**Exercise requirements**
Transcribe the entries that come next exactly, but not the pictures they contain.

^^^^^^^^

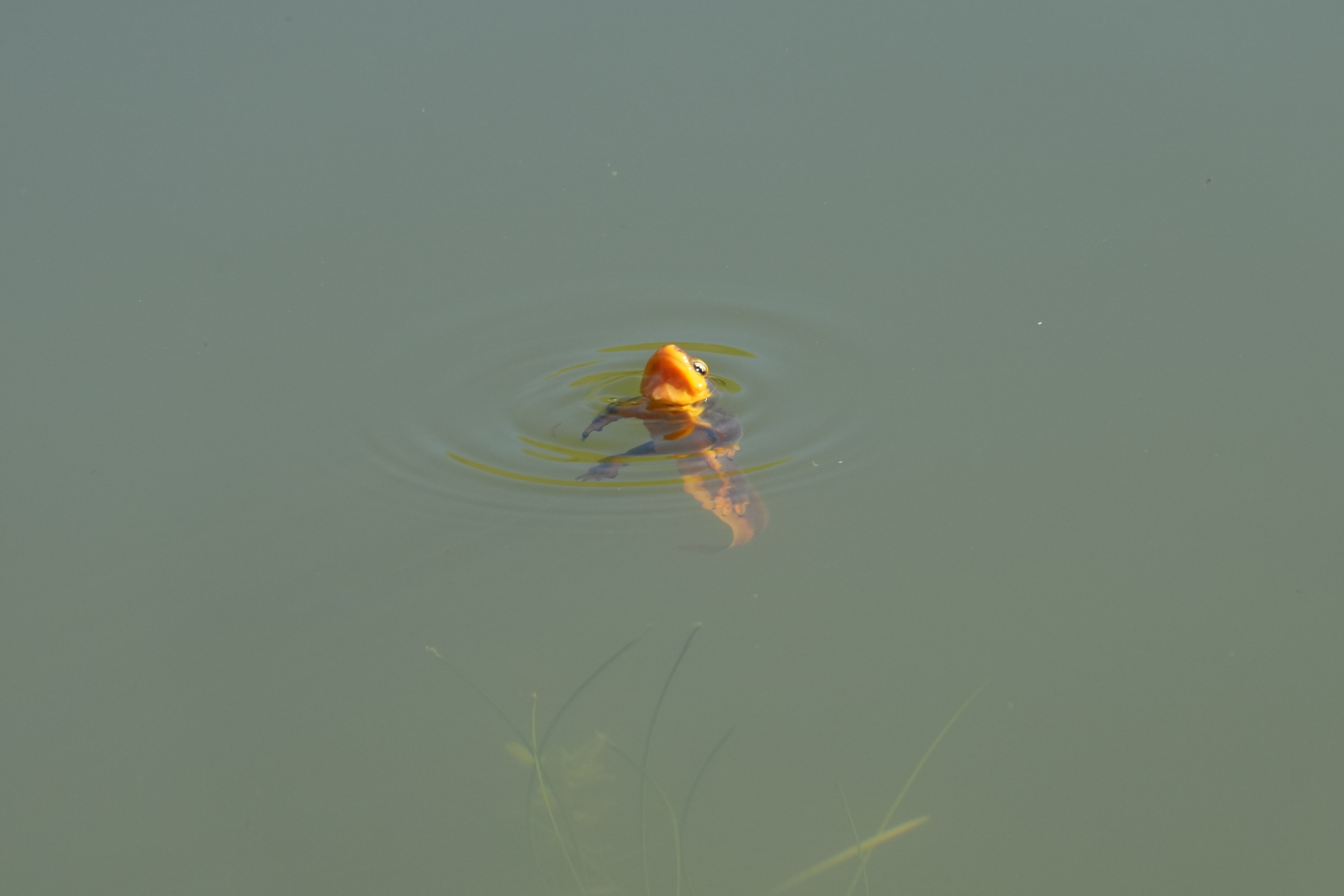 Pleasanton Ridge Regional Park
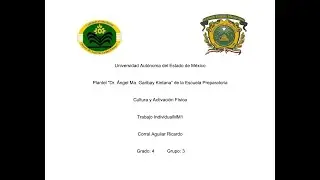 Trabajo Individual CyAF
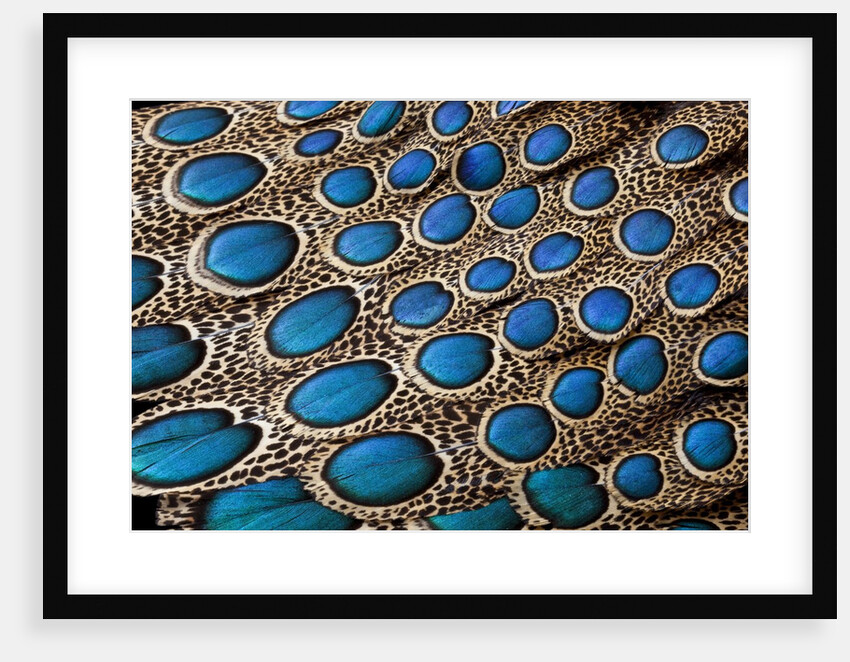 Malay Peacock Pheasant both tail and wing feathers layered in feather design with blue spots on disp by Anonymous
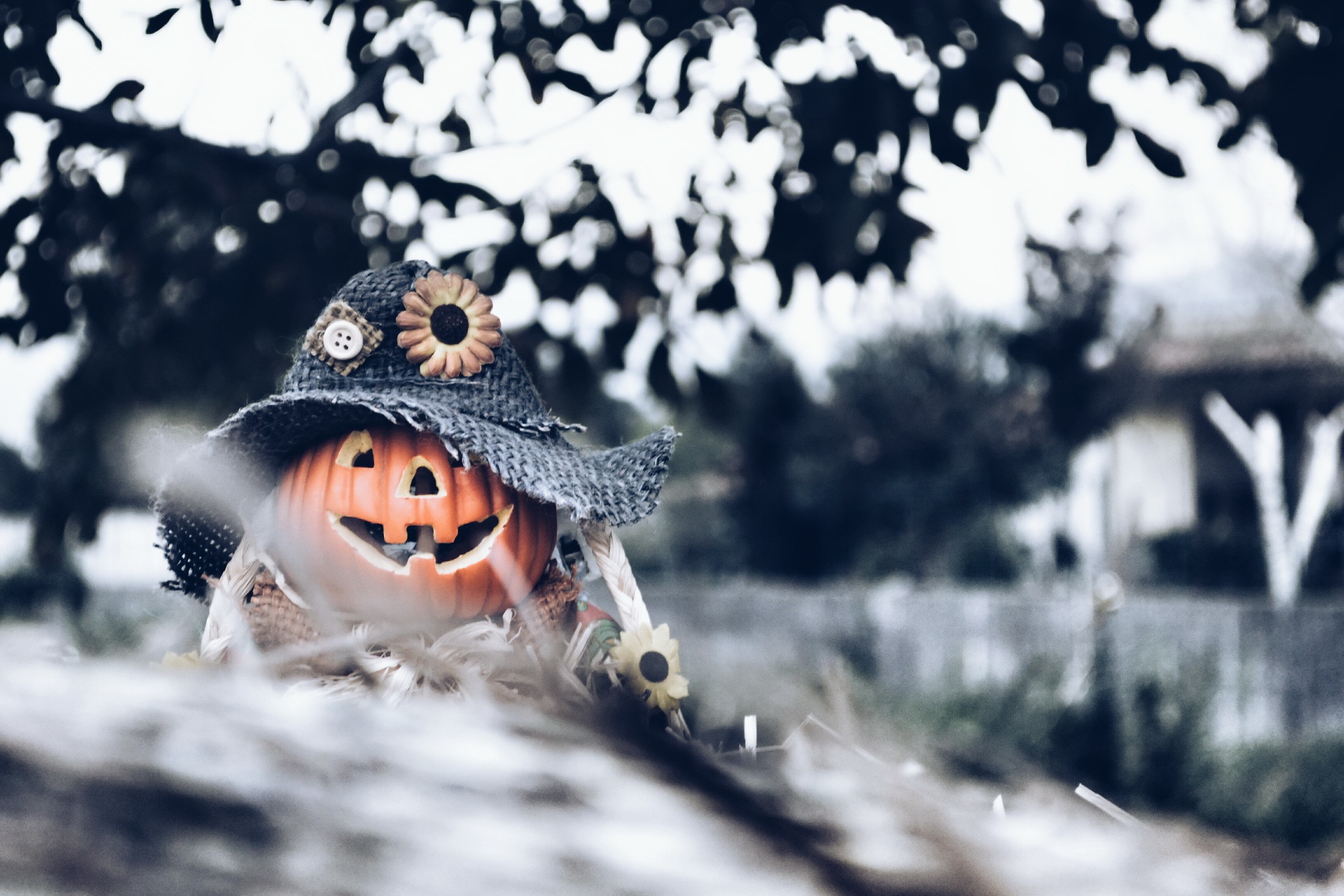Pumpkin scarecrow with a hat and sunflowers HD Wallpaper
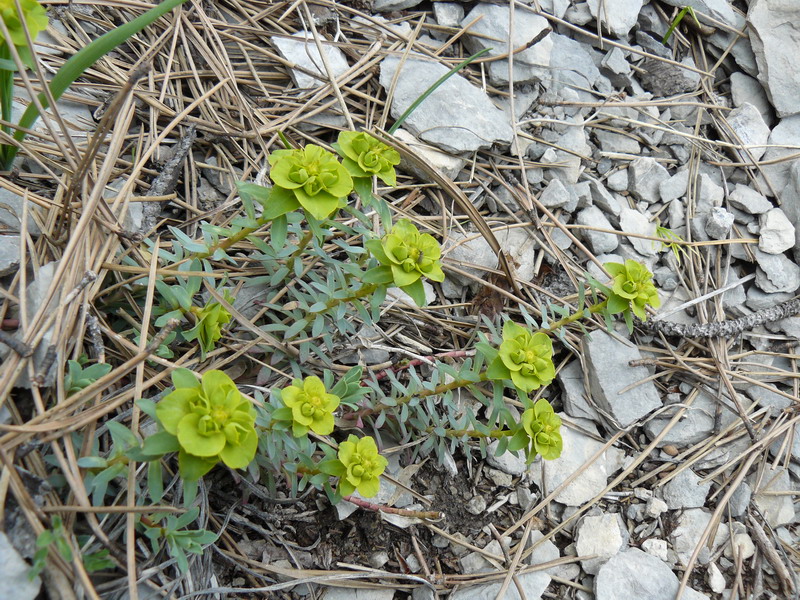 Изображение особи Euphorbia glareosa.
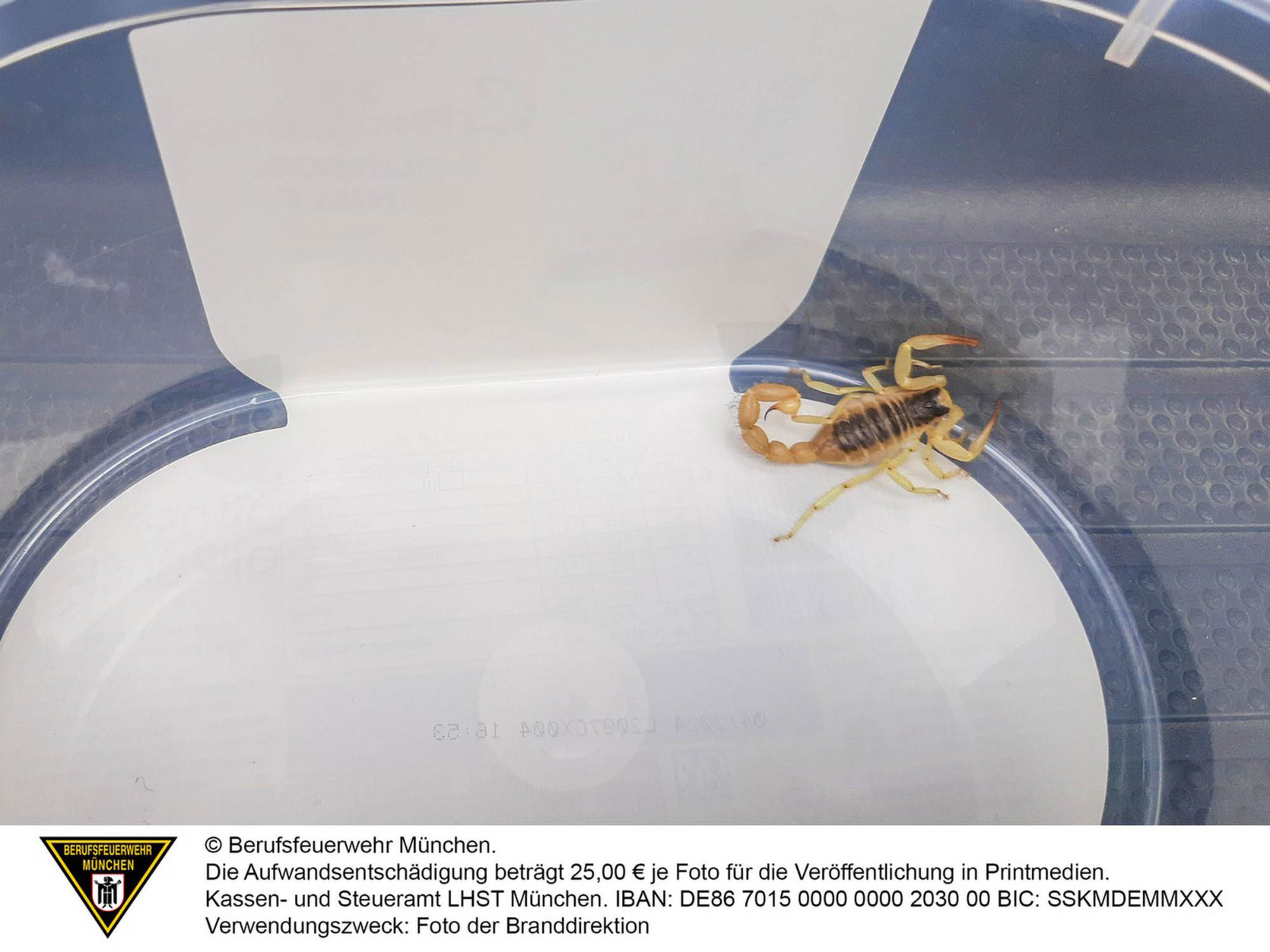 Read more about the article Tourist Stung By Scorpion That Hitched A Lift In His Luggage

^^^^^^^^

**Finished task**
 Pleasanton Ridge Regional Park
 Trabajo Individual CyAF
 Malay Peacock Pheasant both tail and wing feathers layered in feather design with blue spots on disp by Anonymous
Pumpkin scarecrow with a hat and sunflowers HD Wallpaper
 Изображение особи Euphorbia glareosa.
 Read more about the article Tourist Stung By Scorpion That Hitched A Lift In His Luggage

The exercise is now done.